The present invention relates to a technique for increasing the speed of data compression, and more specifically, it relates to a technique for performing data compression by applying a hash function to a selected part of a character string to calculate a hash value, searching, using the hash value, through entries in a bucket chain that has the hash value which is previously registered in a hash table, and finding a longest matching character string.
In compressing a file, for example, zip, LHA, gzip, bzip2, or LZMA (Lempel-Ziv-Markov chain-Algorithm) has been used hitherto. In the case of bzip2, a method called blocking sorting is used to achieve a high compression rate. In contrast, zip, LHA, and gzip use a combined method of LZ77 coding and Huffman coding. The LZ77 coding is one of dictionary-based coding methods, in which an input character string (also a symbol string) is registered in a dictionary and encoding is performed using the dictionary.
Dictionary-based coding methods include a static dictionary method and an adaptive dictionary method (also called a dynamic dictionary method). In the static dictionary method, a dictionary is compiled prior to encoding, and encoding is performed based on the dictionary. The static dictionary method needs the same dictionary to be prepared for encoding and decoding. In a method in which a dictionary for decoding is attached to a file, a significant decrease in the compression rate is thus inevitable.
On the other hand, in the adaptive dictionary method, a dictionary is not prepared beforehand and instead is compiled while a file (input stream) is being read. Then, when a character string already registered in the dictionary appears, the character string is converted into a position index in the dictionary for compression. In the adaptive dictionary method, the dictionary is empty in the beginning and thus a character string cannot be compressed at an initial stage. However, as file reading proceeds, a sufficient number of character strings are registered in the dictionary, and therefore a high compression rate of the file can be achieved.
As adaptive dictionary methods, for example, RLE, BPE, Deflate, and LZ coding (Ziv-Lempel coding) are known. As the LZ coding, for example, LZ77, LZ78, LZSS, LZW, LZML, LZO, LZMA, LZX, LZRW, LZJB, LZT and ROLZ are known.
Among the above-mentioned adaptive dictionary methods, the LZ coding is the most well-known method. The LZ coding is roughly categorized into the LZ77 coding (developed in 1977) and the LZ78 coding (developed in 1978). The LZ77 coding and the LZ78 coding are different in the way of compiling a dictionary. In the LZ77 coding, a dictionary is compiled in accordance with a sliding dictionary method, while, in the LZ78 coding, a dictionary is compiled in accordance with a dynamic dictionary method.

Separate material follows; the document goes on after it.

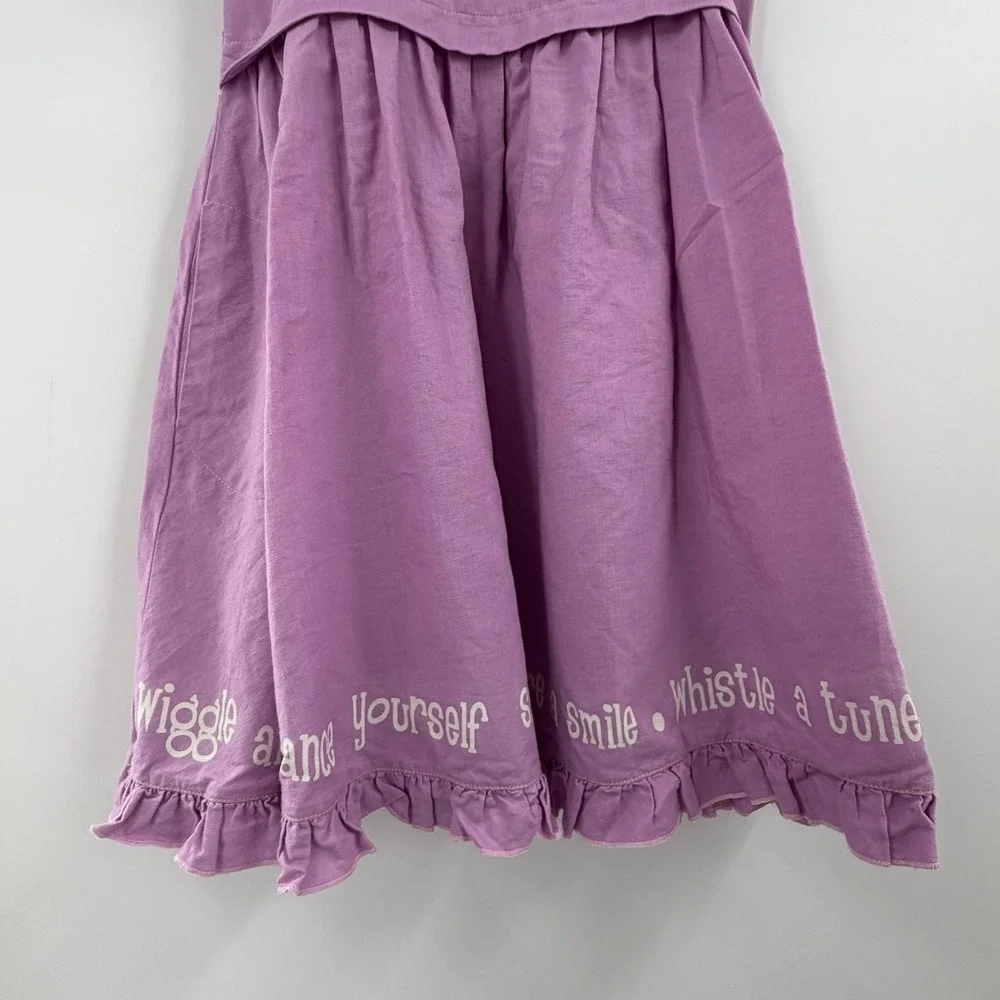 Matilda Jane Girls Dress Size 8 Purple Linen Sundress Ruffle Hem Pockets Whimsy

The LZ77 coding has many variations. Among them, a widely-used coding in general is the LZSS coding. In the LZSS coding, a sliding window and a longest matching method are used. In programming the LZSS coding, a process of searching a reference part of the sliding window for a longest matching string sequence is performed. In the process for searching for a longest matching sequence, a hash method is used. That is, in the LZSS compression, a hash table is used in order to reduce the time required for a search for a longest matching sequence. A registration of a character string to the hash table is done by obtaining, using a hash function, a hash value for the character string with a predetermined number of characters from the beginning of the input character string and then putting the input character string (precisely, a pointer to the character string) to the hash table. Thus, in the LZSS coding, a dictionary is compiled by calculating a hash value for each character string while sliding the input character string, and at the same time, a longest matching sequence that matches a character string previously registered in the dictionary is identified.

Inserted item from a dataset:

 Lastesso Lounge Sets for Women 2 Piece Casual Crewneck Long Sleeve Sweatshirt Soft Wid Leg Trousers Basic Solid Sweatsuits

In file compression, various methods have been proposed, aiming at increasing the compression rate, the compression speed, and the decoding speed and improving memory requirements.
JP6-83573 describes a process of the LZW coding which utilizes a list structure of an external hash method for a dictionary search (Claim 1).

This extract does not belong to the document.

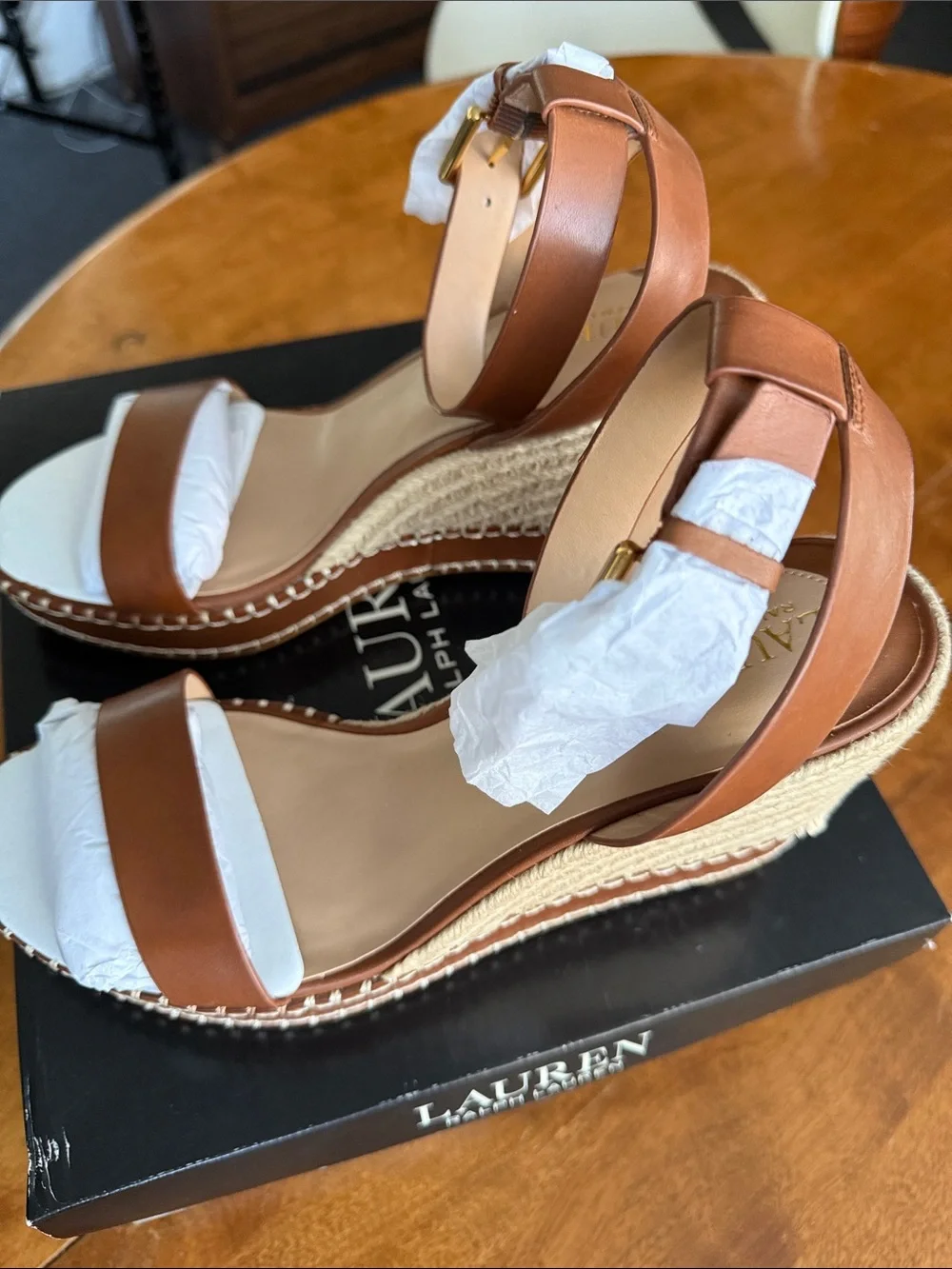 Lauren Ralph Lauren Brown and Cream Espadrille Wedge Sandals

JP2009-296131 describes a method for selecting a hash function (Summary).
JP11-85771 describes an algorithm-selection mean for selecting one from multiple pieces of hash value calculation means (Summary).
JP2011-138230 describes achieving a reduction in the size of a data file and a reduction in search noise (Summary).
JP5-61910 describes performing a search by inputting a search character string including multiple characters into hash function generating means, detecting, using a generated hash value, appearance position information of the corresponding characters stored in the above full index, and determining whether or not the detected appearance position information of the individual characters corresponds relatively to the order of position of the search character string (Summary).
JP2010-515114 describes a method and system regarding efficient processing for purposes such as data hashing and/or elimination of data redundancy (paragraph 0001).
JP2000-57151 describes a technique that enables to increase the speed of search performance and to minimize an increase of the total index size (Summary).
Kunihiko Sadakane et. al., “Improving the Speed of LZ77 Compression by Hashing and Suffix Sorting”, IEICE transactions on fundamentals of electronics, communications and computer sciences, E83-A, No. 12, pages 2689-2698, December 2000, describes improving the speed of the LZ77 compression by hashing and suffix sorting (Summary).